In reading one of the papers from the LTEE the concept of diminishing returns epistasis was mentioned, which also helps explain why it has to be physically true that the shape of the curve for the DFE of mutations must change over time as organisms become either more less well adapted.
Imagine an organism A that has some reproductive rate, and then a beneficial mutation occurs that increases it’s expected number of offspring by one. Now if this organism normally is expected to produce 100 offspring, and it has one more, it has improved it’s number of offspring by 1%.
Now imagine another organism B that has twice the reproductive rate that A had, and then this organism suffers the same mutation A did. It produces 200 offspring normally, and now can add one more. But now the mutation only has a 0.5% effect of improvement.
But that would imply the selection coefficient for this mutations has decreased.
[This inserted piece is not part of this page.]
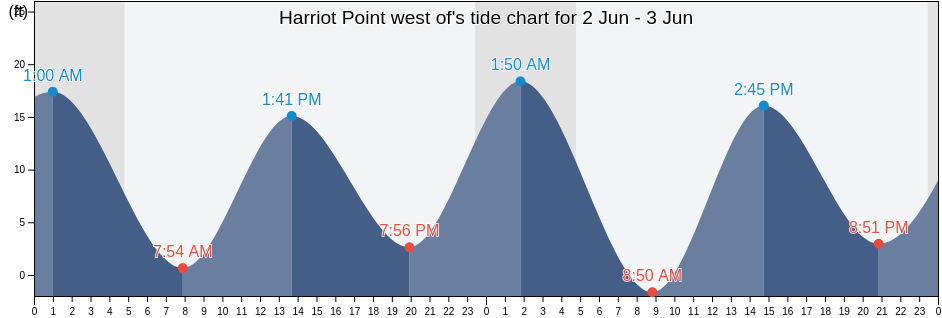 Harriot Point west of, Kenai Peninsula Borough, Alaska, United States tide chart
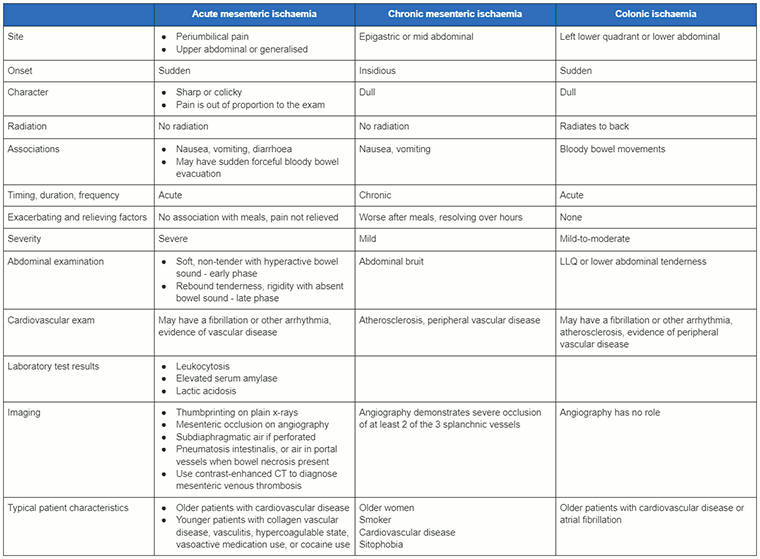 Comparison of symptoms/signs and investigations for the three types of ischemic bowel disease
As the organism has gotten more fit, the effects of individual mutations have gotten smaller in proportion.
An analogy is that you are to push a heavy car that has run out of fuel to the nearest gas station. When you do it alone it’s very hard, but if you get another person to help, it’s half as hard, but then if you get one more, you’re doing a 3rd the work, and then with a fourth, a quarter the work. The gain from every additional person helping push the car becomes smaller and smaller, to the point of being neglible. When you’re 30 people pushing the car, you probably can’t even feel if any single person decides to take a break.